YOUR INSTRUCTIONS:
In the entries below, begin at the line that has "Goldie Gets Along (1933)" and stop after the line that has "2024 Honda CR-V Hybrid Sport-L Alexandria VA"; output those lines exactly, leaving out pictures.

RECORDS PROVIDED:
<<<<

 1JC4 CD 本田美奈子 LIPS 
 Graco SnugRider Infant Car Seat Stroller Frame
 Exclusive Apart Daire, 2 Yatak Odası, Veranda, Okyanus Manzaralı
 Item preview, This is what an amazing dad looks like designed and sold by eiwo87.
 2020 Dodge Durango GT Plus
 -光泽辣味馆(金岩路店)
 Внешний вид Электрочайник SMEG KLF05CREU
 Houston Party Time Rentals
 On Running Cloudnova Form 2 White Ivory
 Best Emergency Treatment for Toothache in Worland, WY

>>>>
<<<<

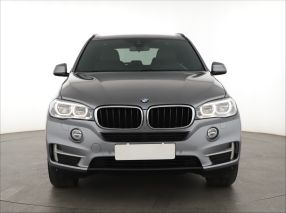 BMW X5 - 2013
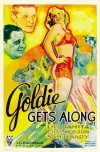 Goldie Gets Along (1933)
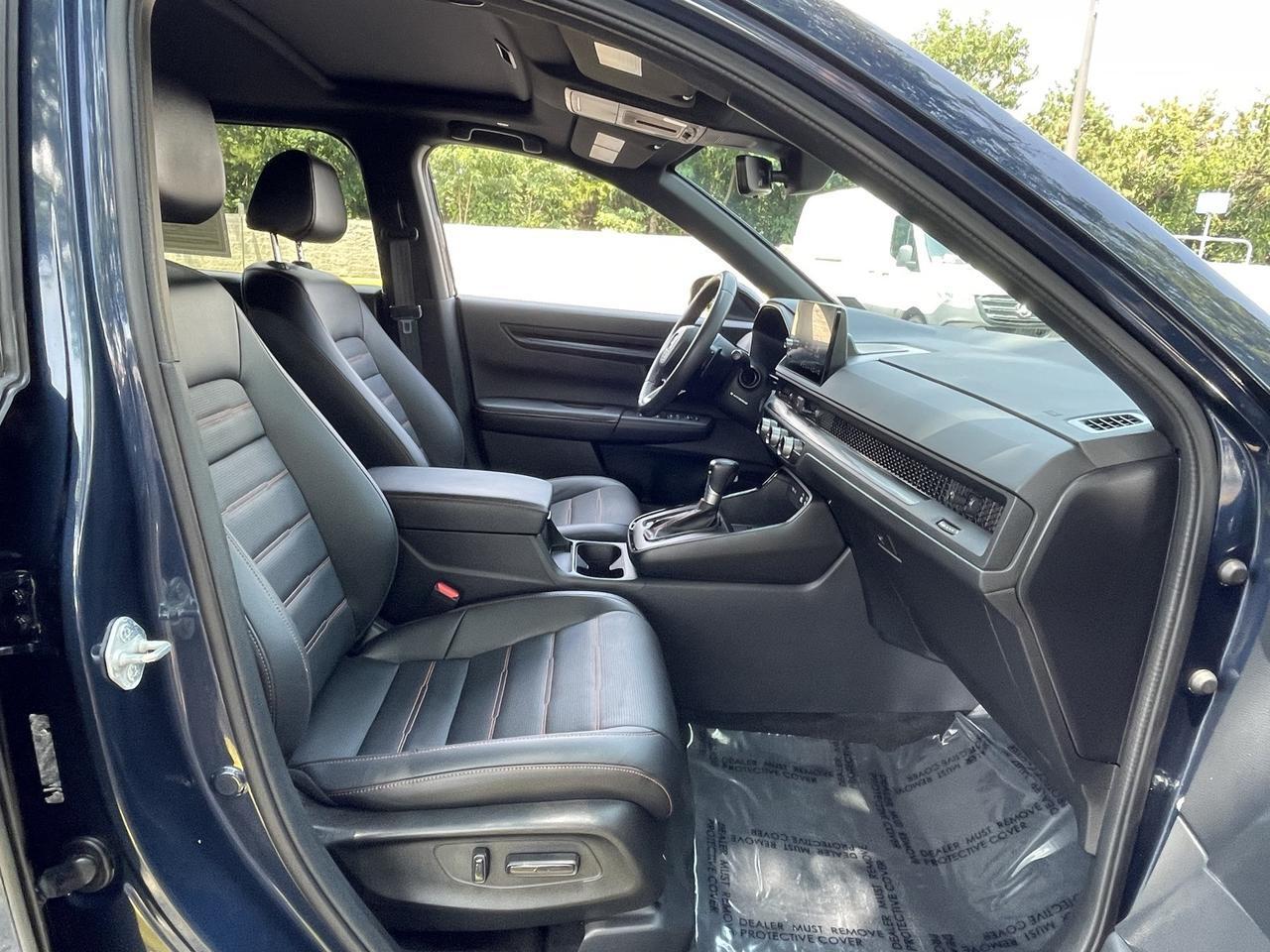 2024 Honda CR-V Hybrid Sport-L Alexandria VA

>>>>

ANSWER FOR THIS EXERCISE:
 Goldie Gets Along (1933)
 2024 Honda CR-V Hybrid Sport-L Alexandria VA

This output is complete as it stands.